#### WHAT THE TASK ASKS:
Please copy the last part of the entries exactly: the line that has "Men Outerwear and" and every line up to and including the end, nothing more.

#### GIVEN INFORMATION:

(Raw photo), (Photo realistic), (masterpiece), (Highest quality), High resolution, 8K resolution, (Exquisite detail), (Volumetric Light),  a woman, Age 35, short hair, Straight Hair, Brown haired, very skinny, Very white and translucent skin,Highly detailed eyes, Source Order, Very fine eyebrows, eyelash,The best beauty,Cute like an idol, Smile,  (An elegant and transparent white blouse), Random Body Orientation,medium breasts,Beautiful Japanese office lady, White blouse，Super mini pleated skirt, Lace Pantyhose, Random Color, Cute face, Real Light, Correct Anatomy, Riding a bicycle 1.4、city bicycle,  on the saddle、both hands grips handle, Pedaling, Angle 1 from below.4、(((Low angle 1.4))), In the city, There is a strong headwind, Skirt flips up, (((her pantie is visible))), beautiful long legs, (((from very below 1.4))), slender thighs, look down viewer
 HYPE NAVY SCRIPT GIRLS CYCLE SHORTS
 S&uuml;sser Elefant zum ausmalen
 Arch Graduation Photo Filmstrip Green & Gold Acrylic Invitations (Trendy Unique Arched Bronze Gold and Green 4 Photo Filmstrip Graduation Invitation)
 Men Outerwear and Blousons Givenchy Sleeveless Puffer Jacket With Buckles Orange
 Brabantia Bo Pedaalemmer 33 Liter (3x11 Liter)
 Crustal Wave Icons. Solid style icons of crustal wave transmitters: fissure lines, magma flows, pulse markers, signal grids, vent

#### TASK RESPONSE:
 Men Outerwear and Blousons Givenchy Sleeveless Puffer Jacket With Buckles Orange
 Brabantia Bo Pedaalemmer 33 Liter (3x11 Liter)
 Crustal Wave Icons. Solid style icons of crustal wave transmitters: fissure lines, magma flows, pulse markers, signal grids, vent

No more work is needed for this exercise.